Urban Dead is a new browser-based MMORPG that’s become popular recently. I’m not planning to talk about the game itself, at least not until I’ve played it a bit!, but there’s something worth noting here — a cheat called Groove Theory:

Groove Theory was a cheat for Urban Dead that claimed to exploit an apparent lack [sic] of a random number generator in the game, [so] that performing an action exactly eight seconds after a successful action would also be successful.

Kevan, the Urban Dead developer, confirmed that Groove Theory did indeed work, and made this comment after fixing the bug:

There is some pattern to the random numbers, playing around with them; “srand(time())” actually brings back some pretty terrible patterns, and an eight-second wait will catch some of these.

So — here’s my guess as to how this happened.

It appears that Urban Dead is implemented as a CGI script. I’ll speculate that somewhere near the top of the script, there’s a line of code along the lines of srand(time()), as Kevan mentioned. With a sufficiently fast network connection, and a sufficiently unloaded server, you can be reasonably sure that hitting “Refresh” will cause that srand call to be executed on the server within a fraction of a second of your button-press. In other words, through careful timing, the remote user can force the pseudo-random-number generator used to implement rand() into a desired set of states!

As this perl script demonstrates, the output from perl’s rand() is perfectly periodic in its low bits on a modern Linux machine, if constantly reseeded using srand()the demo script’s output decrements from 3 to 0 by 1 every 2 seconds, then repeats the cycle, indefinitely.

I don’t know if Urban Dead is a perl script, PHP, or whatever; but whatever language it’s written in, I’d guess that language uses the same PRNG implementation as perl is using on my Linux box.

As it turns out, this PRNG failing is pretty well-documented in the manual page for rand(3):

on older rand() implementations, and on current implementations on different systems, the lower-order bits are much less random than the higher-order bits. Do not use this function in applications intended to be portable when good randomness is needed.

That manual page also quotes Numerical Recipes in C: The Art of Scientific Computing (William H. Press, Brian P. Flannery, Saul A. Teukolsky, William T. Vetterling; New York: Cambridge University Press, 1992 (2nd ed., p. 277)) as noting:

“If you want to generate a random integer between 1 and 10, you should always do it by using high-order bits, as in

j=1+(int) (10.0*rand()/(RAND_MAX+1.0));

and never by anything resembling

j=1+(rand() % 10);

(which uses lower-order bits).”

I think Groove Theory demonstrates this nicely!

Update: I need to be clearer here.

Most of the Groove Theory issue is caused by the repeated use of srand(). If the script could be seeded once, instead of at every request, or if the seed data came from a secure, non-predictable source like /dev/random, things would be a lot safer.
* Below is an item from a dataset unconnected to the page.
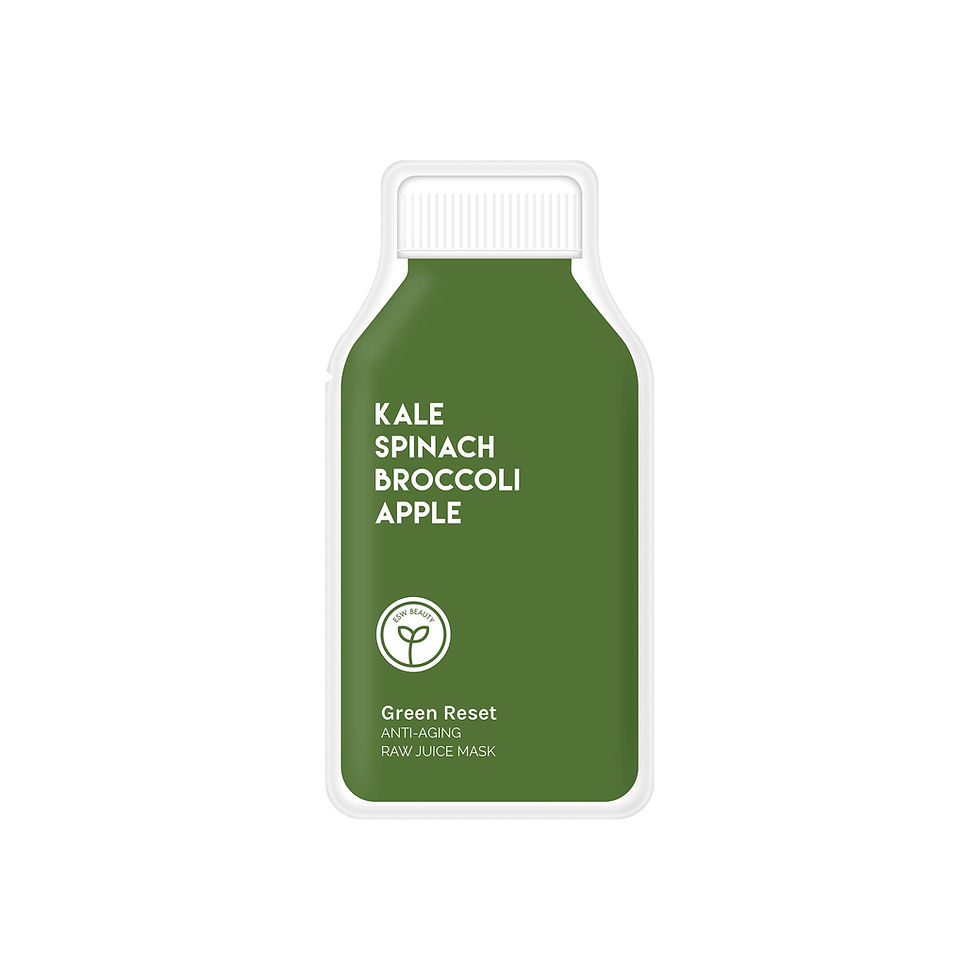 Thumbnail: Green Reset Anti Aging Raw Juice Mask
However, the behaviour of rand() is still an issue though, due to how it’s implemented. The classic UNIX rand() uses the srand() seed directly, to entirely replace the linear congruential PRNG’s state; on top of that, the arithmentic used means that the low-order bits have an extremely obvious, repeating, simple pattern, mapping directly to that seed’s value. This is what gives Groove Theory its practicability by a human, without computer aid; with a more complex algorithm, it’d still be guessable with the aid of a computer, but with the simple PRNG, it’s guessable, unaided.

Update 2: as noted in a comment, Linux glibc’s rand(3) is apparently quite good at producing decent numbers. However, perl’s rand() function doesn’t use that; it uses drand48(), which in glibc is still a linear congruential PRNG and displays the ‘low randomness in low-order bits’ behaviour.